2008-09-25

XML indenting with sed(1)

Some years ago I stumbled upon SedSokoban, the sokoban game implemented as a sed script. I found it pretty amusing, so I got interested in the more arcane uses of sed. As an exercise, I set out to write an XML indenter sed script.

Now I found that script (again), and I thought it would be a nice starting post here.

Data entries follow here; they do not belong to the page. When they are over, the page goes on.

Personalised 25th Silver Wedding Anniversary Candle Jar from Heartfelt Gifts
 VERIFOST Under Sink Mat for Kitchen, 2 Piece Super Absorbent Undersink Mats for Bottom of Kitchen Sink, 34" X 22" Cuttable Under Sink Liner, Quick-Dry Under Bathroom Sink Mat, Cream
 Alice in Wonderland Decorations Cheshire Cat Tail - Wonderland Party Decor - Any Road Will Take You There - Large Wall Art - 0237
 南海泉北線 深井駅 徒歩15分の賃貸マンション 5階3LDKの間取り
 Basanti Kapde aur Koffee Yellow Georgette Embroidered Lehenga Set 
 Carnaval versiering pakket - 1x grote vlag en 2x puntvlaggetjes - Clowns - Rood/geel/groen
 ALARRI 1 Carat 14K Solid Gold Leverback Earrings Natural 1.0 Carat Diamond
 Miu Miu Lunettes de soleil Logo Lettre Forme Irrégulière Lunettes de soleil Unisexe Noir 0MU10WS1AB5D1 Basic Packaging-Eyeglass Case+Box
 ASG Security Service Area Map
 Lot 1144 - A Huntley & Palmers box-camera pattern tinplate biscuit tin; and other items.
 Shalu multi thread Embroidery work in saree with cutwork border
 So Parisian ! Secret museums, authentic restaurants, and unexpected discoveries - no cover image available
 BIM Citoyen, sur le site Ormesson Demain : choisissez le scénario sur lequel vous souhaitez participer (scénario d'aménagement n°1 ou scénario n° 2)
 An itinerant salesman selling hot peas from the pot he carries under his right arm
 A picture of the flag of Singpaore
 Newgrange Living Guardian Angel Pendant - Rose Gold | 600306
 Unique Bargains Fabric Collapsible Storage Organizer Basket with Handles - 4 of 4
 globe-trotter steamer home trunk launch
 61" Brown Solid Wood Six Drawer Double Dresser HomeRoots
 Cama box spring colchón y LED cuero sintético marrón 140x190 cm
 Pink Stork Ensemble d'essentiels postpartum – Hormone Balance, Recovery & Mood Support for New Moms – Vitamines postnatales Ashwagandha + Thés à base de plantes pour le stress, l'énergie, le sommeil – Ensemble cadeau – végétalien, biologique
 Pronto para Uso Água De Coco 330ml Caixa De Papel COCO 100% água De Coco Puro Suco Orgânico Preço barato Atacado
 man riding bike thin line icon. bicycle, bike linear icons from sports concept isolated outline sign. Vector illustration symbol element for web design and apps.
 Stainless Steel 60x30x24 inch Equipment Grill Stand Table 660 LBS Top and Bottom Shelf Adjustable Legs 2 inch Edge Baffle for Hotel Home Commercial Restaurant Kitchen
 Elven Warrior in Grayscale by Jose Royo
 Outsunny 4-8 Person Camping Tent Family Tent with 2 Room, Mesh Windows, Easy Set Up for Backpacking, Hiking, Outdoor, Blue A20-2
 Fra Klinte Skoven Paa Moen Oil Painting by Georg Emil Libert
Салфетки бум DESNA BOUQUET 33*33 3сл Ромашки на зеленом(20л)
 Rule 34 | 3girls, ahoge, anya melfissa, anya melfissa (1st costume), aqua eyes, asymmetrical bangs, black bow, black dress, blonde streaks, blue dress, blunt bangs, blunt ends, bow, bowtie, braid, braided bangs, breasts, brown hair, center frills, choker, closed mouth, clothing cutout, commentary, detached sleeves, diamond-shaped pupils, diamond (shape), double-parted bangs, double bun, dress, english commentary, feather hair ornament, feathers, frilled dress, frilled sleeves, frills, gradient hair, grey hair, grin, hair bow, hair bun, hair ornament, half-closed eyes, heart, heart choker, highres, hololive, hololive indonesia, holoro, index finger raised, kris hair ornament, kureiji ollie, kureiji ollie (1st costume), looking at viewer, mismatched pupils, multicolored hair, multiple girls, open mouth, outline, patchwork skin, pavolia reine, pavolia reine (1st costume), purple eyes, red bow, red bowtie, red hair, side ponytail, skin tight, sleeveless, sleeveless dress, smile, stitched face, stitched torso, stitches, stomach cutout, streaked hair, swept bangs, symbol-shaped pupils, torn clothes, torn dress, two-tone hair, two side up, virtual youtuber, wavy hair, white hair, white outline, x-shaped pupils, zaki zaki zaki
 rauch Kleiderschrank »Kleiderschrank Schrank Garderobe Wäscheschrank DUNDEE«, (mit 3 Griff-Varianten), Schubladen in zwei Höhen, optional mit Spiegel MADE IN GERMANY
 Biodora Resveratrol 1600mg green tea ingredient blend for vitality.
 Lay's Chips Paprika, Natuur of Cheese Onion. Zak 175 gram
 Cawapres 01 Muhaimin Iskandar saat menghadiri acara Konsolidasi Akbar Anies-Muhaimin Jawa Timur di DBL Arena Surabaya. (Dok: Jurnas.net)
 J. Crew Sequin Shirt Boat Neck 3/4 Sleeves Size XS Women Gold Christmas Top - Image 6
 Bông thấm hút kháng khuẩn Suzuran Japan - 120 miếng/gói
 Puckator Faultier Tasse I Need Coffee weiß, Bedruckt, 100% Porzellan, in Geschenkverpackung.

xmlindent.sed looks like this:

:a
/>/!N;s/\n/ /;ta
s/	/ /g;s/^ *//;s/  */ /g
/^<!--/{
:e
/-->/!N;s/\n//;te
s/-->/\n/;D;
}
/^<[?!][^>]*>/{
H;x;s/\n//;s/>.*$/>/;p;bb
}
/^<\/[^>]*>/{
H;x;s/\n//;s/>.*$/>/;s/^	//;p;bb
}
/^<[^>]*\/>/{
H;x;s/\n//;s/>.*$/>/;p;bb
}
/^<[^>]*[^\/]>/{
H;x;s/\n//;s/>.*$/>/;p;s/^/	/;bb
}
/</!ba
{
H;x;s/\n//;s/ *<.*$//;p;s/[^	].*$//;x;s/^[^<]*//;ba
}
:b
{
s/[^	].*$//;x;s/^<[^>]*>//;ba
}

Unfortunately it chokes on some xml inputs, but I could use it to pretty-format most of the common xml files I came across (configuration files, xml-based network protocol messages, etc).